Your objective:
Starting with the line that holds "Gift Wrap Creative" and stopping after the line that holds "op witte achtergrond", repeat the lines below word for word, without the pictures.

##### The data #####

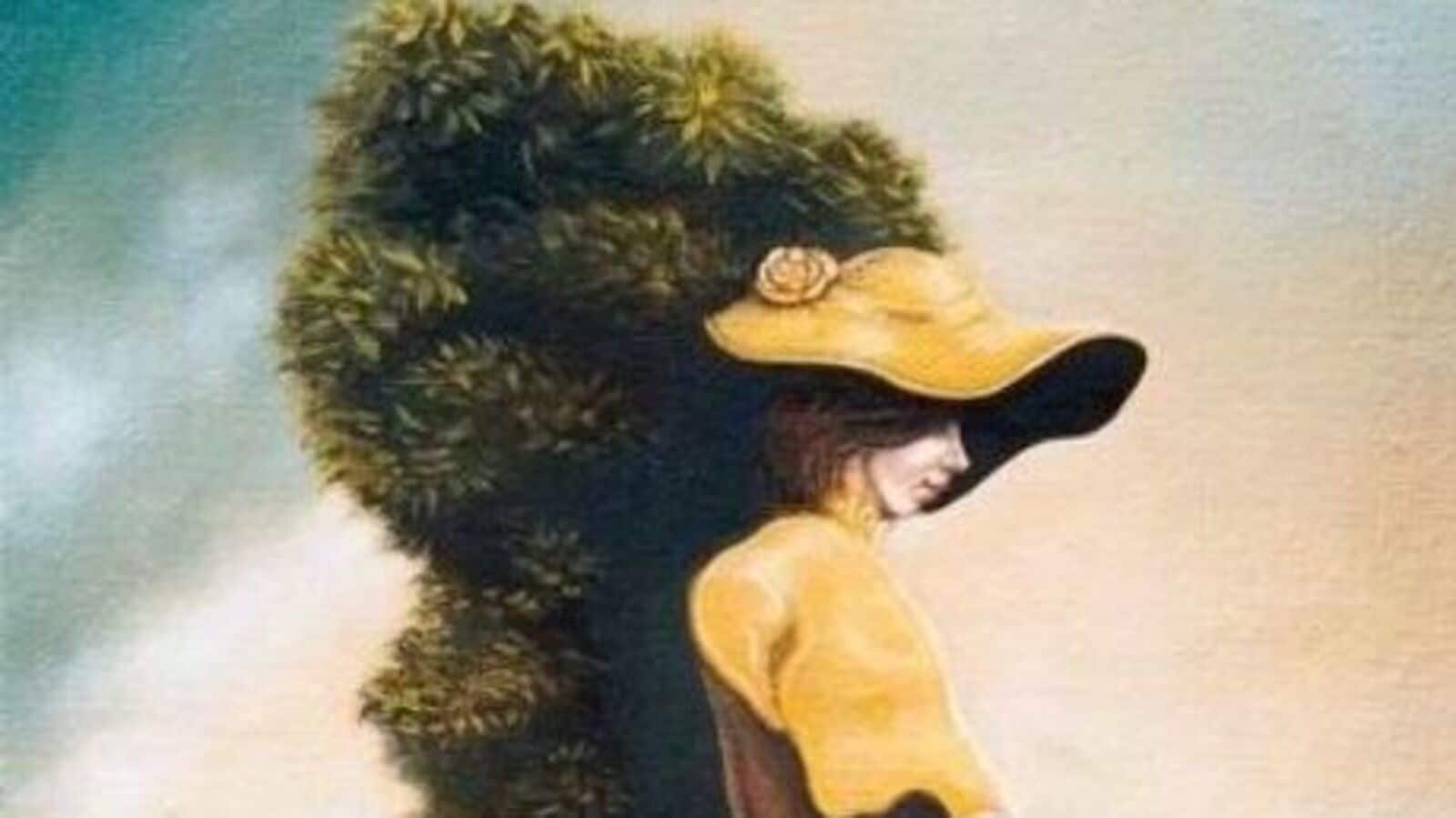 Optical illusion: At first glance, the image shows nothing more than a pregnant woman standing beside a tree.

#####
##### The data #####

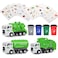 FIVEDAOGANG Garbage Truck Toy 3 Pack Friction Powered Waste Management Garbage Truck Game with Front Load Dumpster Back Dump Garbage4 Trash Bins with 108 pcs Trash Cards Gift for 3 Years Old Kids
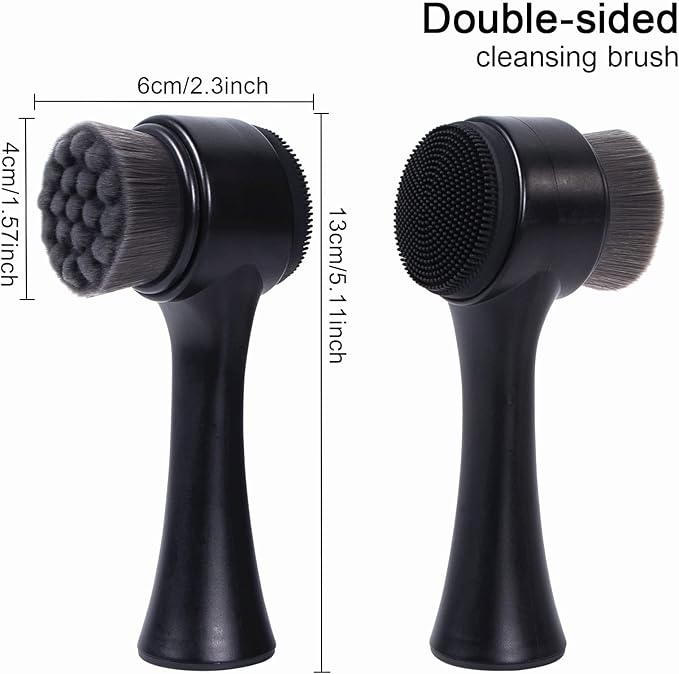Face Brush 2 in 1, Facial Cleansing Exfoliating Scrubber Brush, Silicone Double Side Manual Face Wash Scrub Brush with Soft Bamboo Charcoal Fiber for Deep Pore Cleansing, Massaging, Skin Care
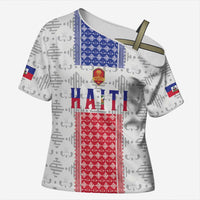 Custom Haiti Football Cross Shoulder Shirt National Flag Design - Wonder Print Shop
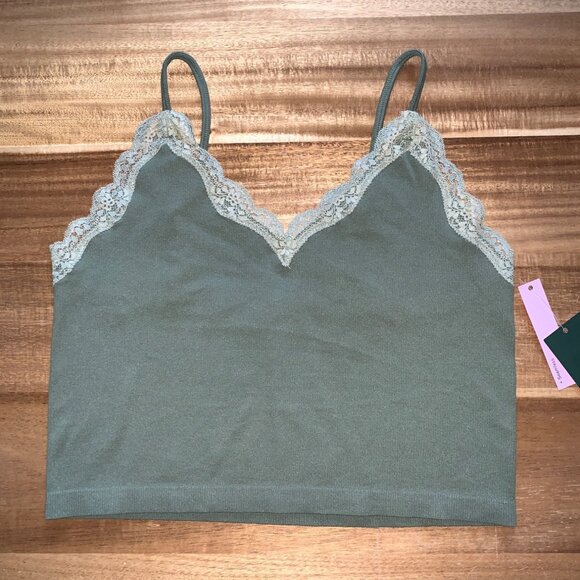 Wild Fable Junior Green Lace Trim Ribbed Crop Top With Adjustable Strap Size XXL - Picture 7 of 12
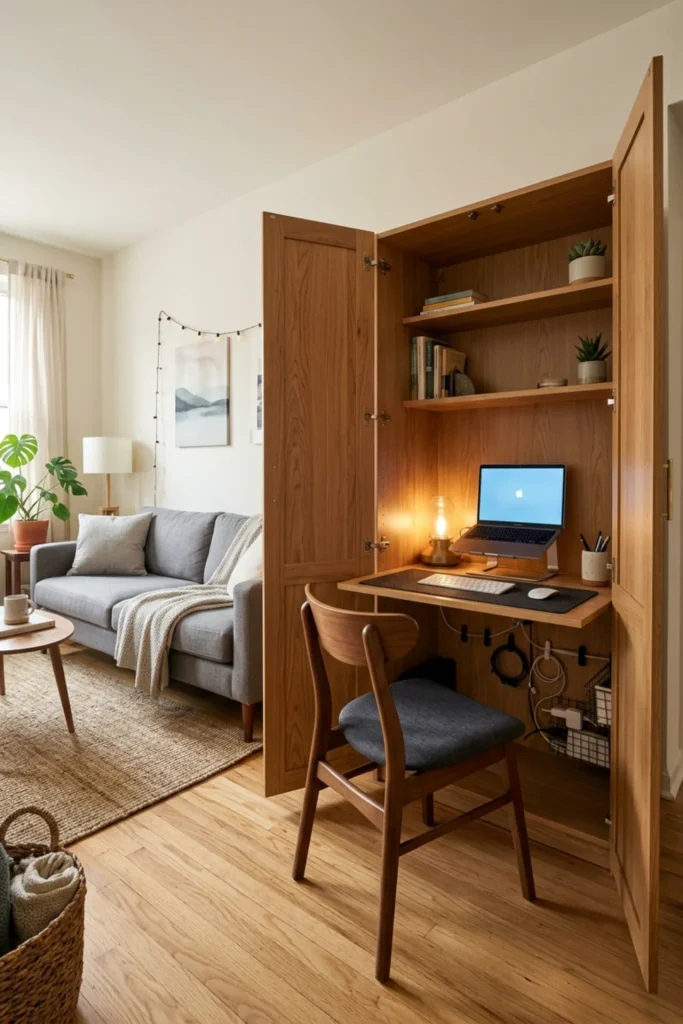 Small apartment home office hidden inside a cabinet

#####
##### The data #####

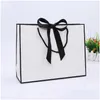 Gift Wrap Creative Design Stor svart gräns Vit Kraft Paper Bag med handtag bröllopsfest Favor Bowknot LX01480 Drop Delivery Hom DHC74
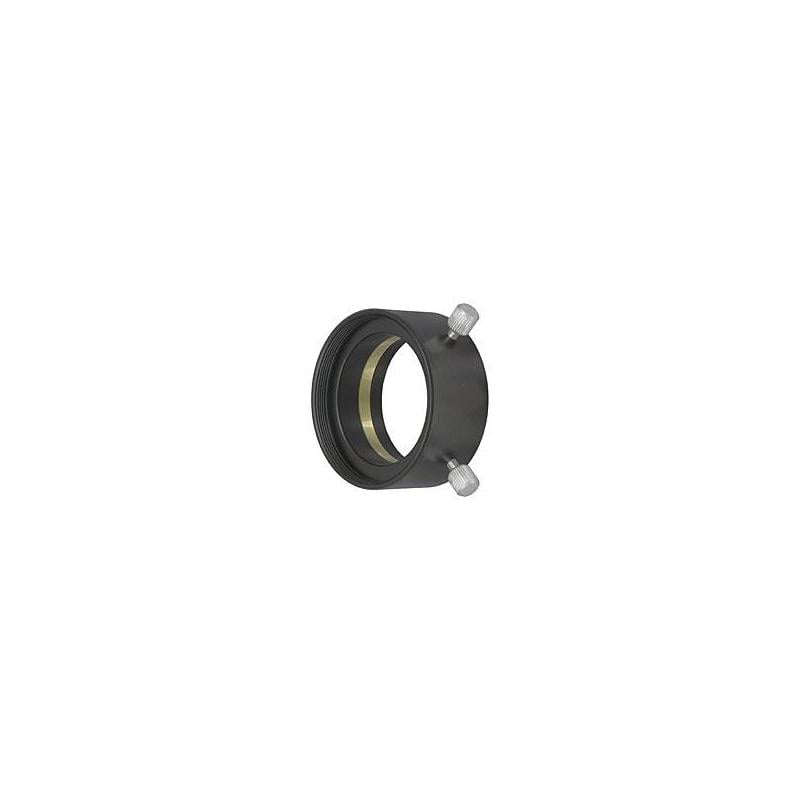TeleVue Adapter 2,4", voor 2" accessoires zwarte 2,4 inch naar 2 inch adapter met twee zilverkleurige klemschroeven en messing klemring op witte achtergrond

#####

Answer section:
 Gift Wrap Creative Design Stor svart gräns Vit Kraft Paper Bag med handtag bröllopsfest Favor Bowknot LX01480 Drop Delivery Hom DHC74
TeleVue Adapter 2,4", voor 2" accessoires zwarte 2,4 inch naar 2 inch adapter met twee zilverkleurige klemschroeven en messing klemring op witte achtergrond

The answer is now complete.